Complex data table
A complex data table is an HTML table whose headers do not cover an entire row or column, typically due to merged cells or sub-groups of headers. The scope attribute is no longer sufficient: each cell must be associated with its headers via id and headers attributes. When possible, splitting the table into several simple tables remains the best solution.
A sales table by quarter with headers "Semester 1" and "Semester 2" merged across two columns each. Visually, the structure is clear. For a screen reader, it's a minefield: it doesn't know which header applies to which cell.
#When does a table become "complex"?
As soon as headers no longer span only the first row and first column.
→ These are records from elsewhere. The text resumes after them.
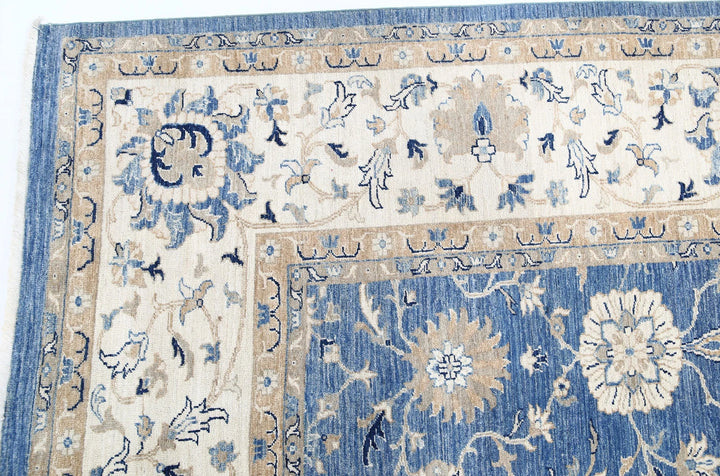 Afghan Ziegler Rug 9' 11" x 20' 8" Hand-Knotted | No. AT20033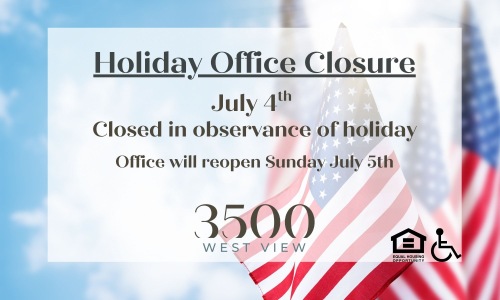 Holiday Office Closure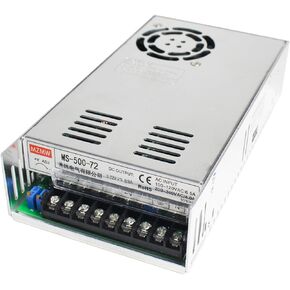 500W 72V DC Switching Power Supply Transformer 220V 110V AC to DC Adapter Universal Regulated Converter 6.9A for CNC Router Milling Machine Cutting Plasma,Servo Motor,Industrial Control,LED,LCD,CCTV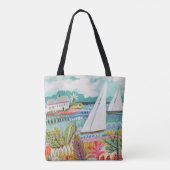 Tote Bag Deux voiliers (Dos)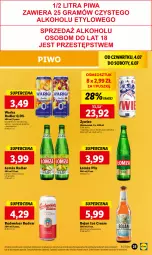 Gazetka promocyjna Lidl - GAZETKA - Gazetka - ważna od 06.07 do 06.07.2024 - strona 31 - produkty: Piwo, Ser, Warka, Radler, Grejpfrut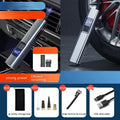 Wireless car air compressor pump with digital display and vacuum cleaning function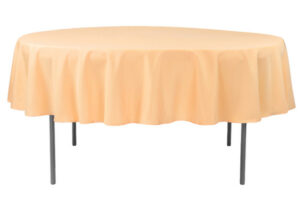 72 inch-Round-Polyester-Tablecloth-Peach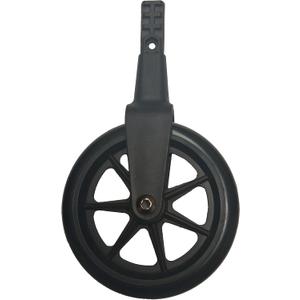 Stander Non-Swivel Wheel Kit for Stander EZ Fold-N-Go Walker and Able Life Space Saver Walker, Black, 2 Count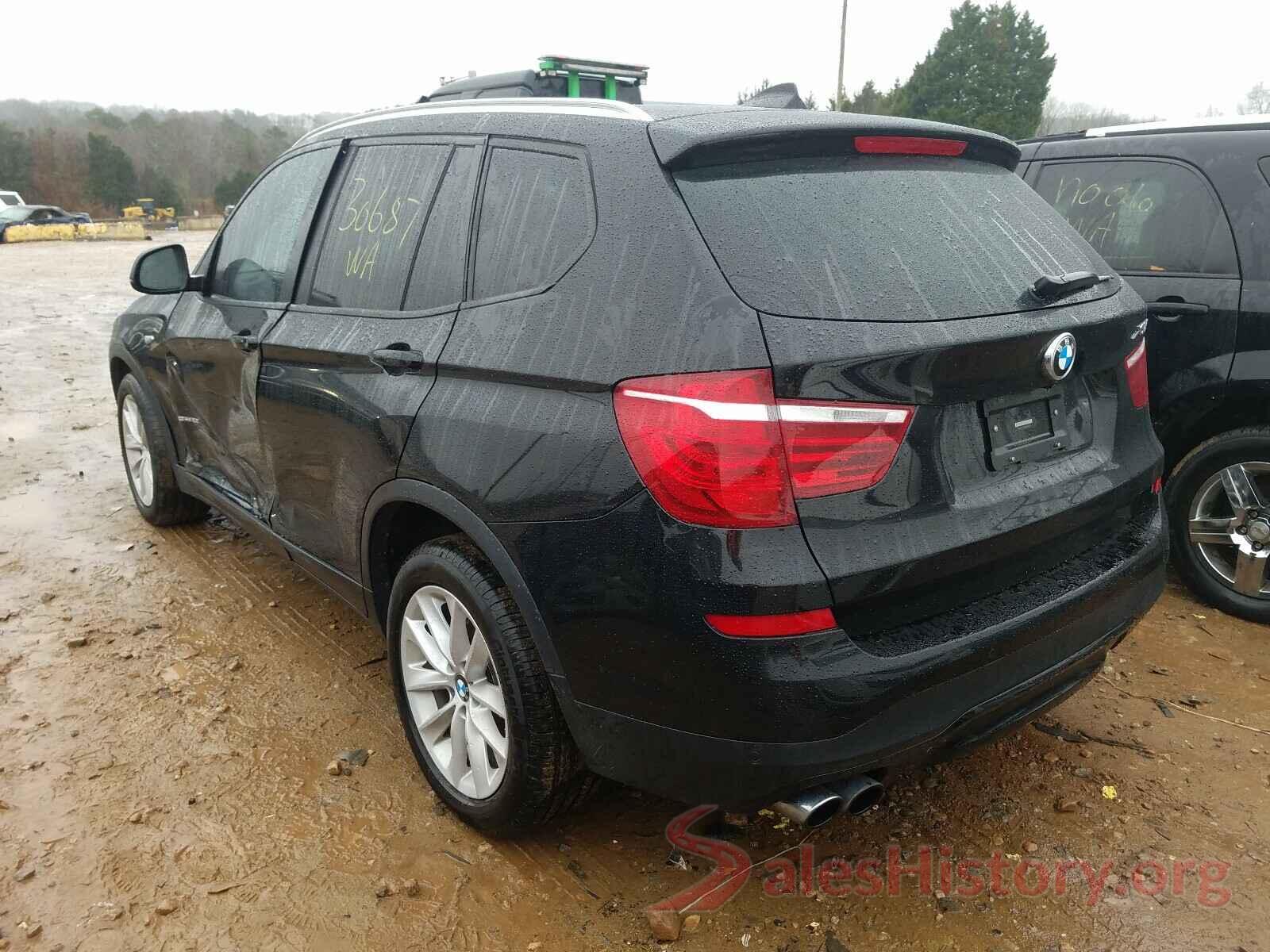 5UXWZ7C58H0V85517 2017 BMW X3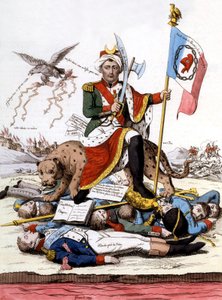 Det sidste ord i kannibalisme (gravering) af French School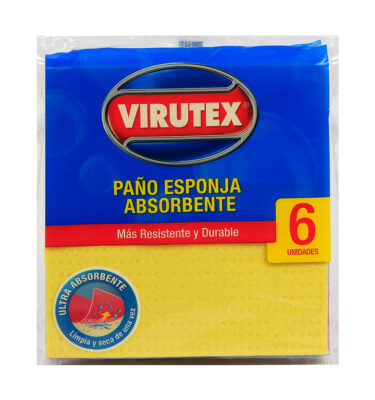 VIRUTEX Paño Celulosa Spongi x 6 uni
Merged cells with colspan or rowspan, headers nested across multiple levels, thematic sub-groups in the middle of the table: all cases where the scope attribute can no longer express the relationships between headers and data.
RGAA devotes several criteria to this in its theme 5. The mechanism provided by WCAG: place an id on each <th>, then list these identifiers in the headers attribute of each <td>.
<table>
<caption>Quarterly sales by region</caption>
<thead>
<tr>
<th rowspan="2" id="zone">Region</th>
<th colspan="2" id="s1">Semester 1</th>
<th colspan="2" id="s2">Semester 2</th>
</tr>
<tr>
<th id="t1" headers="s1">Q1</th>
<th id="t2" headers="s1">Q2</th>
<th id="t3" headers="s2">Q3</th>
<th id="t4" headers="s2">Q4</th>
</tr>
</thead>
<tbody>
<tr>
<th id="nord" headers="zone">North</th>
<td headers="nord s1 t1">120 €</td>
<td headers="nord s1 t2">145 €</td>
<td headers="nord s2 t3">98 €</td>
<td headers="nord s2 t4">110 €</td>
</tr>
</tbody>
</table>Each "120 €" cell is linked to its three headers: "North", "Semester 1", "Q1". The screen reader can announce the complete context.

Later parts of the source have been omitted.